TITLE=Single coronary artery presenting dilated cardiomyopathy and hyperlipidemia with the SCN5A and APOA5 gene mutation: A case report and review of the literature

JOURNAL=Frontiers in Cardiovascular Medicine

VOLUME=Volume 10 - 2023

YEAR=2023

URL=https://www.frontiersin.org/journals/cardiovascular-medicine/articles/10.3389/fcvm.2023.1113886

DOI=10.3389/fcvm.2023.1113886

ISSN=2297-055X

ABSTRACT=We present a 55-year-old man with chest tightness and dyspnea after activity lasting for 2 months diagnosed as single coronary artery (SCA) presenting dilated cardiomyopathy with the c.1858C>T mutation in the SCN5A gene. The computed tomography coronary angiogram (CTCA) showed congenital absence of the right coronary artery (RCA) and the right heart was nourished by the left coronary artery branch with no apparent stenosis.

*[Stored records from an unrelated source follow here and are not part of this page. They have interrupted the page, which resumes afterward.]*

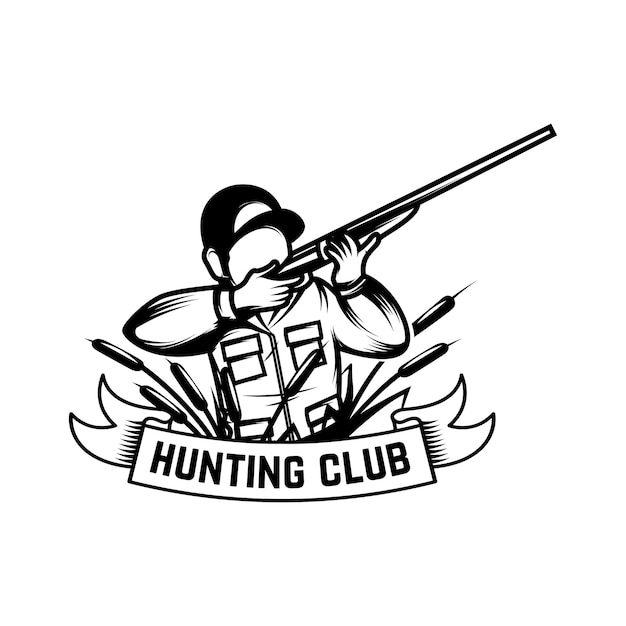 Vector hunting clubillustration of hunter with rifle isolated on white background design element for logo label emblem sign vector illustration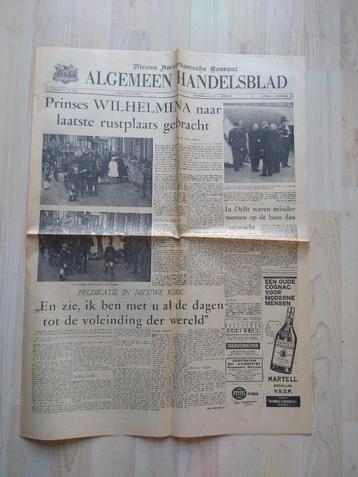 8 December 1962. Prinses Wilhelmina naar laatste rustplaats beschikbaar voor biedingen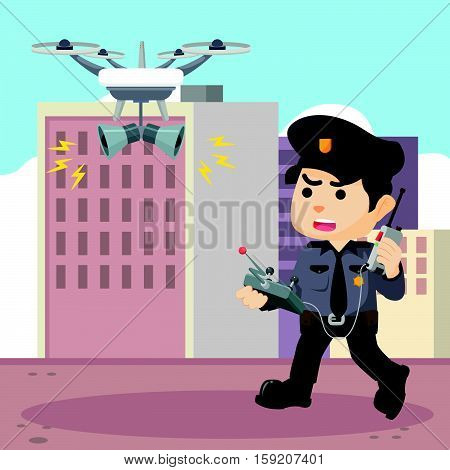 Patrol police with drone eps10 vector illustration design
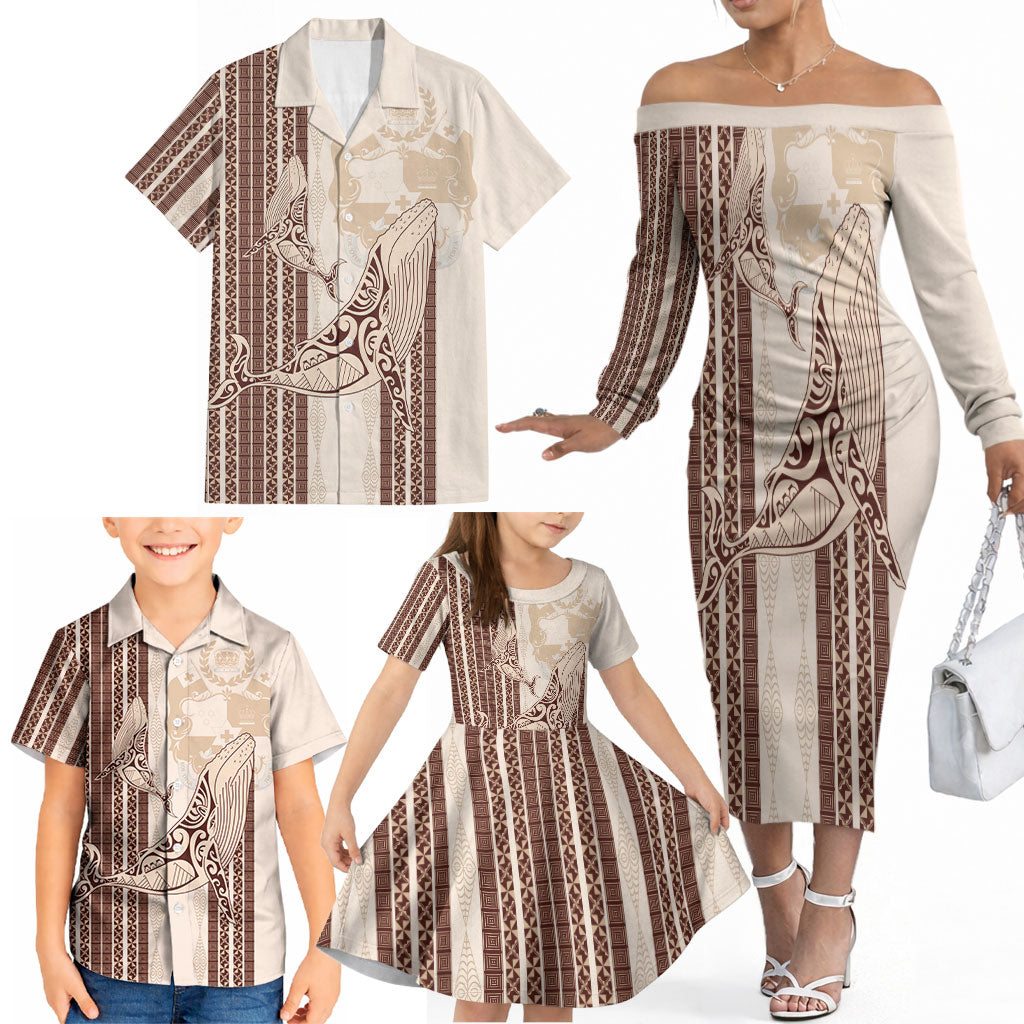 Swimming With Humpback Whales Season Tonga Family Matching Off The Shoulder Long Sleeve Dress and Hawaiian Shirt Tongan Tofuaa Ngatu Pattern Brown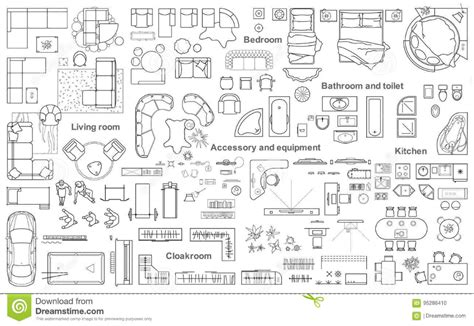 Set Of Furniture Top View For Apartments Plan. The Layout Of The ...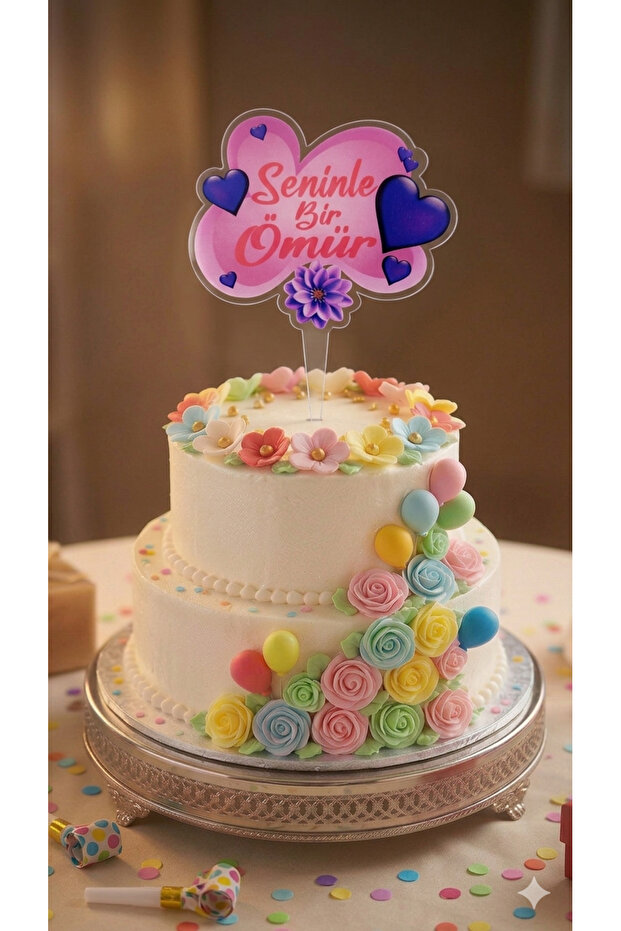 A Life with You Written Birthday Cake Topper Plexiglass Lettering
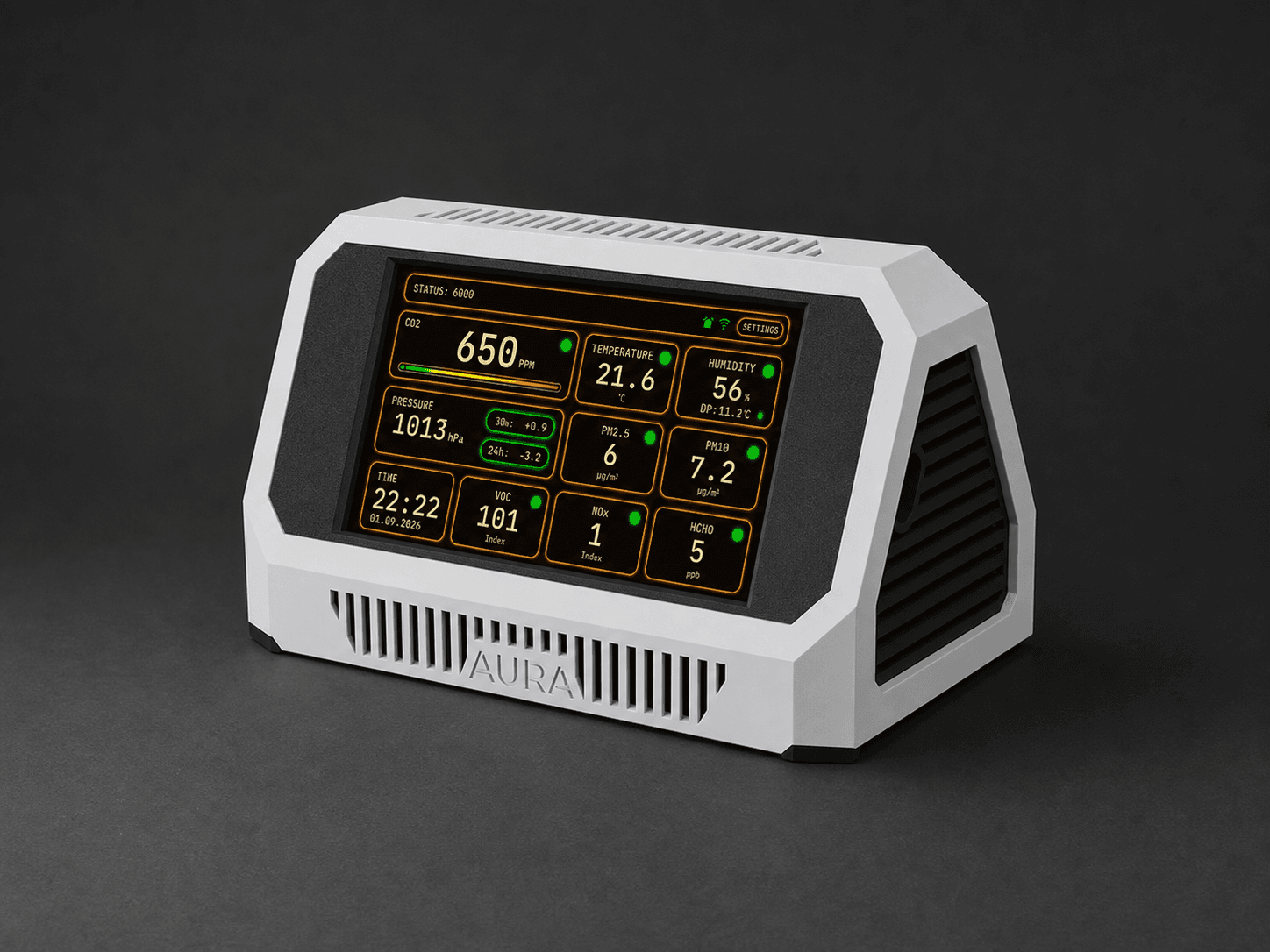 Original white Aura AQ 4.3-inch enclosure with its measurement screen on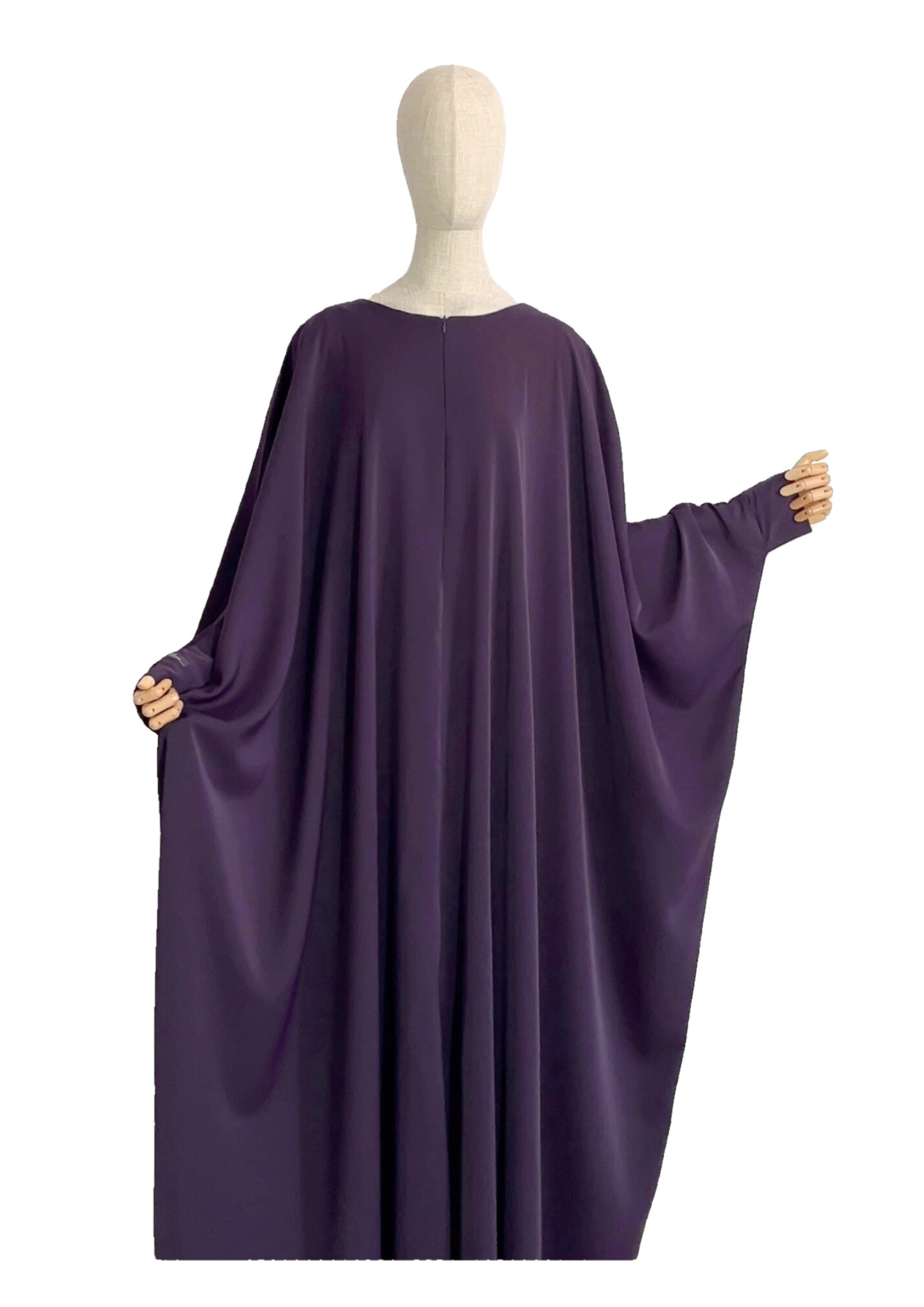 Purple Batwing Abaya (with zip)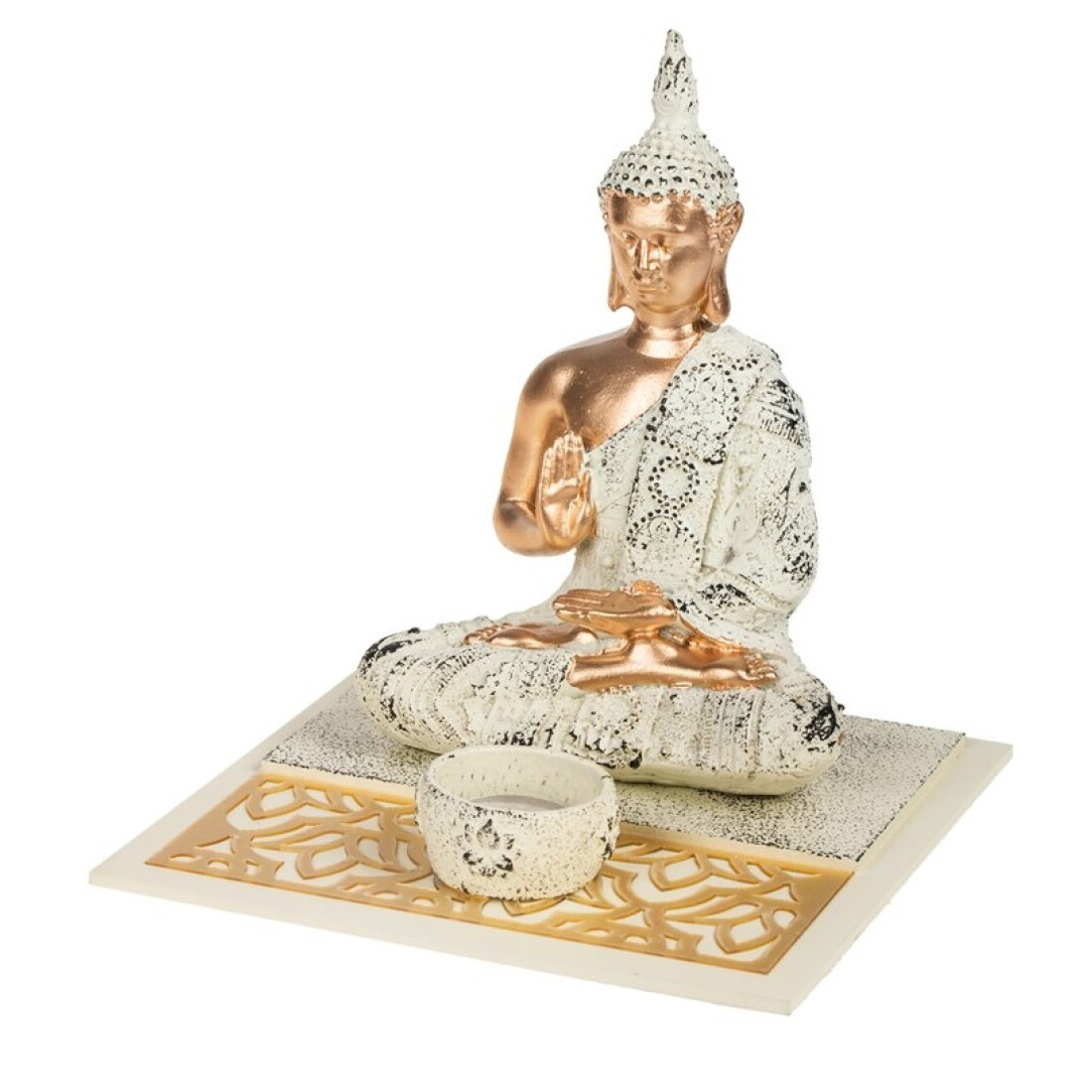 Boeddha beeld met waxinelichthouder voor binnen 19 cm
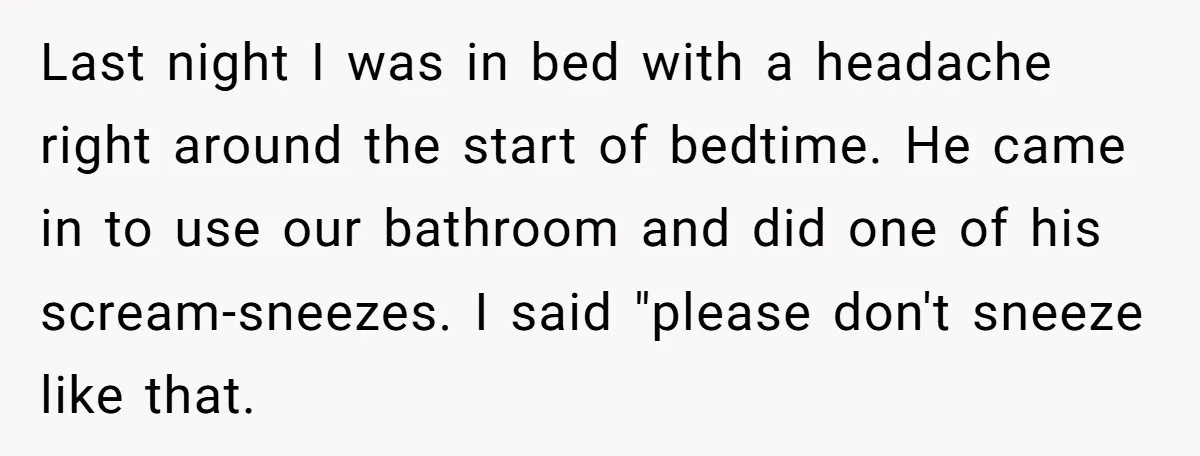 Last night I was in bed with a headache right around the start of bedtime. He came in to use our bathroom and did one of his scream-sneezes. I said...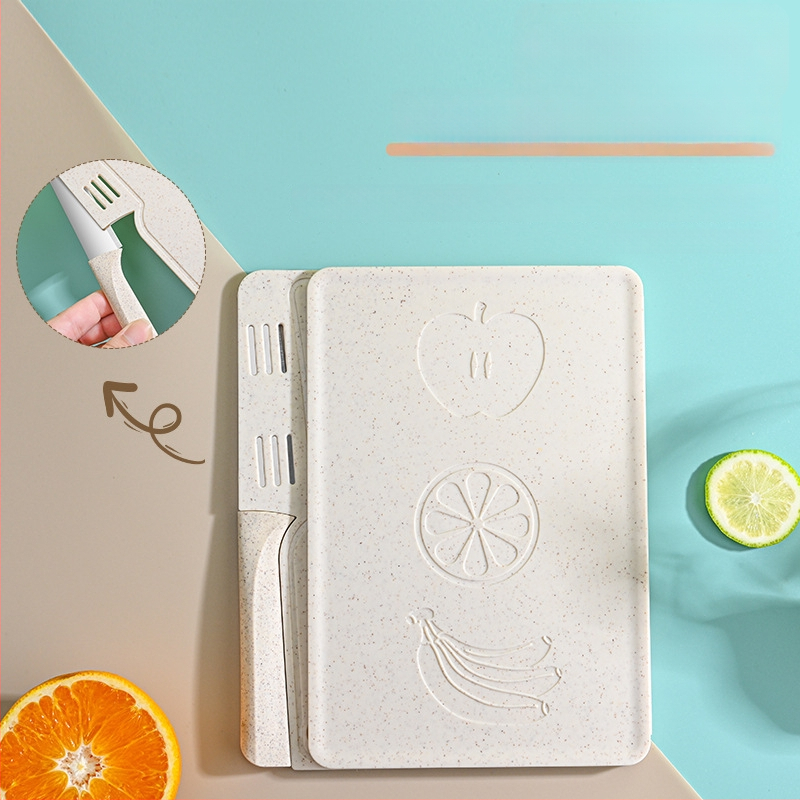 Sada krájacich dosiek z pšeničnej slamy – na domáce použitie, prenosné, skladateľné, protišmykové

Transthoracic echocardiography (TTE) revealed enlargement of the left heart and cardiomyopathy. Cardiac magnetic resonance imaging (CMR) presented that dilated cardiomyopathy (DCM) was considered. Genetic testing displayed that c.1858C>T variant of the SCN5A gene could lead to Brugada syndrome and DCM. SCA is a rare congenital anomaly of the coronary anatomy and the case we reported as SCA accompanied with DCM is even rarer. We present a rare case of a 55-year-old man with dilated cardiomyopathy with the: c.1858C>T(p.Arg620Cys)/ c.1008G>A(p.(Pro336=) variant of the SCN5A gene, congenital absence of the right coronary artery, and the c.990_993delAACA(p.Asp332Valfs*5) variant of the APOA5 gene. To our knowledge, this is the first report of DCM combined with SCN5A gene mutation in SCA after searching Pubmed, CNKI and Wanfang databases. The most important finding is that we speculate that SCN5A gene variant maybe the cause of the absence of the right coronary artery present dilated cardiomyopathy in this patient.